My favorite harbor is where I currently keep my boat, Bucks Harbor on the western end of Eggemoggin Reach. It's very protected and well located for a sail in Pen Bay or to head eastward down the Reach or straight out to the islands around Deer Isle, Isle au Haut and the Fox Islands (North and Vinalhaven). There's a small general store that has an outstanding restaurant in the back of the same building a short walk from the marina dock or yacht club. Fuel and water available at Bucks Harbor Marine, water only at the yacht club dock. I also like sailing out around Deer Isle and North Haven and Vinalhaven. Arriving from the southwest, it's fun to pass between North Haven and Vinalhaven via the Fox Islands Thorofare as you proceed towards MDI. Anchor off the beach at Butter Island and go ashore and follow short path to the highest point and enjoy the view from granite bench. There's a fleet of schooners out of Camden and Rockland that regularly ply the waters between Pen Bay and MDI and anchor among the many islands in between. Quite a beautiful site to see them sailing or even just at anchor. Several of them have only a yawlboat for auxiliary power. 

The MDI area is a great cruising area in itself so you really don't need to range too far afield if you plan to make SW Harbor your base. Bar Harbor is frequently rolly so best to limit a visit to during the day and spend the night somewhere else. Very nice little art gallery a short walk from dock at Islesford Dock (restaurant on dock but call for evening reservations). You can take your dinghy from SW Harbor on a nice day or take the "mothership" and call ahead to use one of the restaurants moorings or anchor. NE Harbor is very full, I prefer SW, take a 15 minute round trip cruise through the harbor in your boat and you've pretty much seen it. Somes Sound is pretty, especially if it's rough or foggy outside. Use a Hinckley mooring at Valley Cove. A nice day trip is to Frenchville on Long Island, or if you want to enjoy an actual SAND(!) beach and probably have it all to yourself, check out Marshall Island nearby. Swans Islands Burntcoat is also nearby and a nice harbor. A nice short sail east from SW Harbor is Hancock Point. Anchor on the east side and go ashore at dock and walk about 1/4 mile uphill along road for dinner at Crocker House, one of my very favorite restaurants/inns anywhere. Outstanding food and ambience but casual dress is OK! Call ahead for reservations. 
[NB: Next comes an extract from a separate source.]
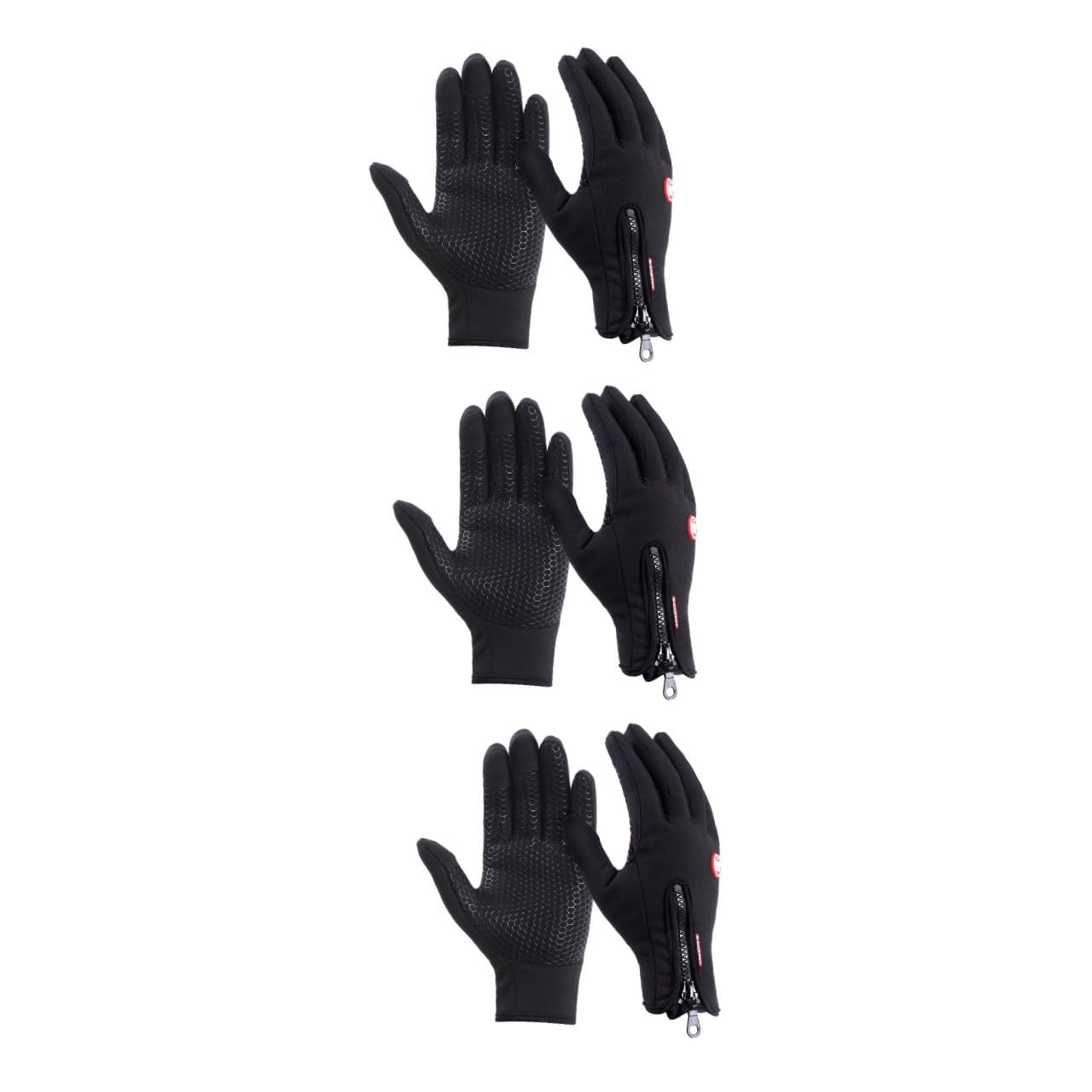BESPORTBLE Guantes De Pantalla Táctil Para Hombre Resistentes Al Viento Y Al Frío Para Montar A Caballo Deportivos Negros Grandes 3 Unidades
Speaking of fog, we have lots of it but by late summer, less than in June. Also, the further east you go, the foggier is gets and the MDI area tends to be foggier than just ten or twenty miles further to the west. Sometimes it stays foggy for days. BUT, frequently, the warmth of a land mass will raise the air temp just enough to burn off the fog, so if you plan to sail in areas such as north of Bar Harbor or up Somes Sound or in Eggemoggin Reach or amongst the islands near Swans Island on these foggy days, you often can enjoy beautiful, sunny sailing conditions only a few miles from where those further from any land mass are completely closed in by thick fog. If you are approaching a harbor in extremely thick fog and wondering how in heck you'll even manage to find a dock or a particular mooring in less than 100' visibility, usually the fog will be much thinner once you enter a harbor due to it being surrounded by warmer land, so it's not as bad as it might seem from a few miles away. 

Woodenboat School is located in Brooklin on the eastern end of Eggemoggin Reach. They host the Woodenboat Regatta around the first of August. If you're in the area, don't miss it! Between 75-100 wooden boats of all shapes and sizes racing, quite a show! 
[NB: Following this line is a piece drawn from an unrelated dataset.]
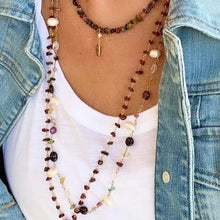 Load image into Gallery viewer, GEMSTONE AND PEARL NECKLACE - NAPA
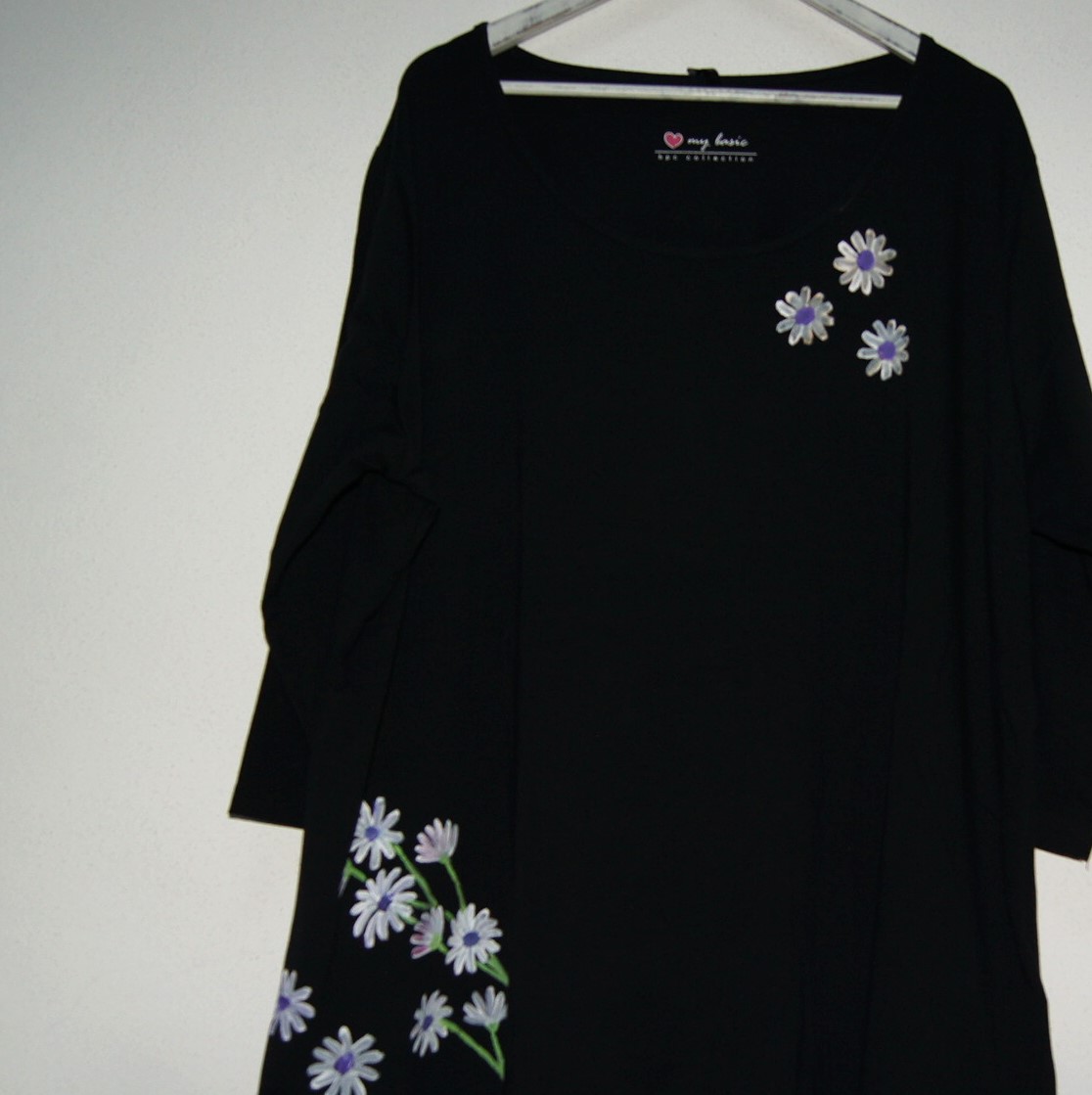 Nadměrné triko malované s kopretinkou 56/58 No.2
Anchor! Despite the rocky shorelines everywhere, almost every harbor bottom here is composed of a very thick clay/mud that is just about perfect for anchoring as long as you have a washdown pump to clean it off your chain. You can anchor almost anywhere and feel very secure. So, you aren't limited to harbors that have towns or other boats nearby. Also, the wind usually dies to almost nothing around dusk so unless there's a storm nearby, you can be pretty confident that even locations that seem exposed and windy at 3PM will be calm by nightfall. 
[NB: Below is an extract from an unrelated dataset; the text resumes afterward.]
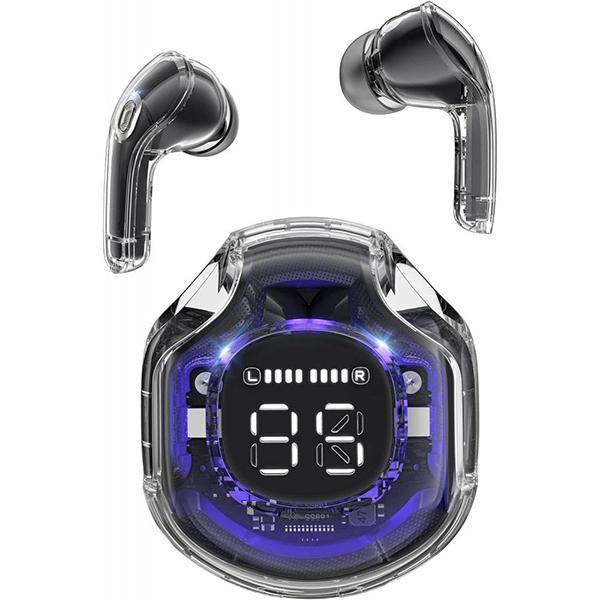 Elite Transparent In-Ear TWS Headphones Clear Precision Sound with Real-Time Battery Display KIBW09SC for Universal Cell Phone And Bluetooth Device - Black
Tides. Plan on 10'-12' everywhere so don't fall into the trap of assuming that just because you sailed through there yesterday, you can do it again today. Take it into account when figuring appropriate scope for anchoring. Nuff said on that! 

Enjoy your visit, and welcome!


----------



## DFletcher2 (Aug 1, 2014)

What a well written and helpful post for anyone cruising Maine. Your love of those waters is evident. Thank you for sharing your personal favorites. Your cautions for fog and tides are noted. Thanks for the observation on bottoms for anchoring, I was wondering. I will try your restaurant recommendations. I will pull out my chart and will enjoy reviewing your cruise recommendations. 
Fair winds and following seas and long may your big jib draw,
Don
s/v Mary Sunshine


----------